Geister Duo

Schubert
Februari Festival
Fri 25 Feb / 16:00
Fri 25 Feb ’22
16:00

Schubert is the uncrowned king of four-handed piano. The Geister Duo, consisting of David Salmon and Manuel Vieillard, present a magnificent selection of famous and lesser-known gems from his oeuvre. 

Programme

Franz Schubert Sonata in B flat major, D617 
Franz Schubert Allegro & Andante, D968 
Franz Schubert Variations on a theme from Hérold's opera ‘Marie’, D908
Franz Schubert Deutscher & Ländler, D618 
Franz Schubert Fantasie in F minor, D940

Musicians

Geister Duo David Salmon & Manuel Vieillard piano duo - four hands

Among them are the sonata that Schubert wrote in the summer of 1818, which he spent in Zselis, Count Johann Karl Esterházy’s summer residence in modern-day Slovakia, but still part of Hungary at the time. Schubert taught the piano to the count’s two young daughters, and may well have written the sonata for them. While the opening is a clear homage to Mozart, Schubert’s own voice soon emerges in the main body of the sonata.
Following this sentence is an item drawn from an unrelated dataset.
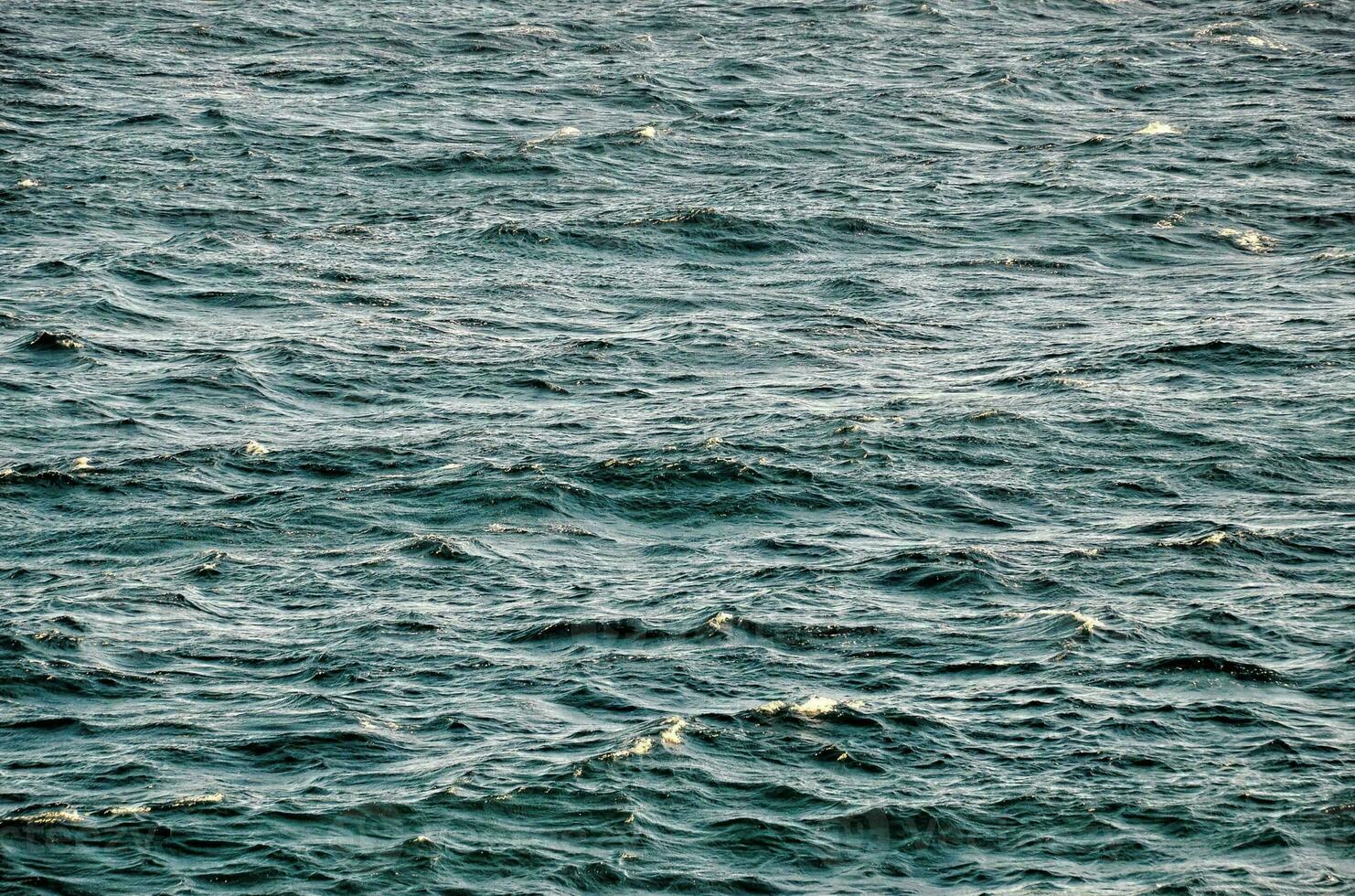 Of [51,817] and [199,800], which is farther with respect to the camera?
[199,800]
Almost ten years later, Schubert wrote eight variations on a theme from the opera Marie, a work by the thoroughly forgotten French composer Ferdinand Hérold. By this time he had left Mozart’s idiom far behind.

Obviously, an anthology such as this is not complete without the grand Fantasia in F minor, which expert Christopher Gibbs has described as Schubert’s best and most original composition for four-handed piano, and is one of the many wonders conceived by Schubert in the last year of his life.